- **EXERCISE**: Copy out the lines of the material that include the string "image".

- **EXCERPTED RECORDS**:
════

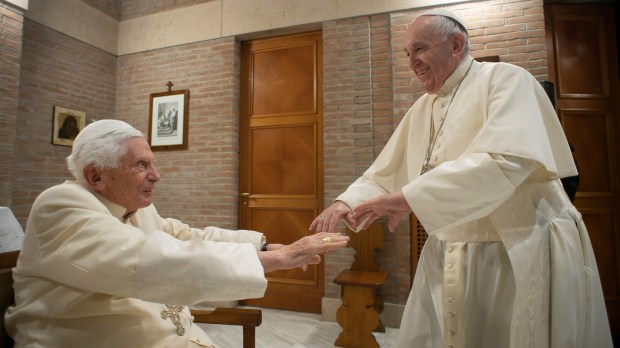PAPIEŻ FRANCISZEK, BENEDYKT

════

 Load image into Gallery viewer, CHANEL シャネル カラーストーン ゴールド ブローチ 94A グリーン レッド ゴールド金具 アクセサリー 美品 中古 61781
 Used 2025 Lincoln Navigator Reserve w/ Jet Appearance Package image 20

════

- **FINAL ANSWER**:
 Load image into Gallery viewer, CHANEL シャネル カラーストーン ゴールド ブローチ 94A グリーン レッド ゴールド金具 アクセサリー 美品 中古 61781
 Used 2025 Lincoln Navigator Reserve w/ Jet Appearance Package image 20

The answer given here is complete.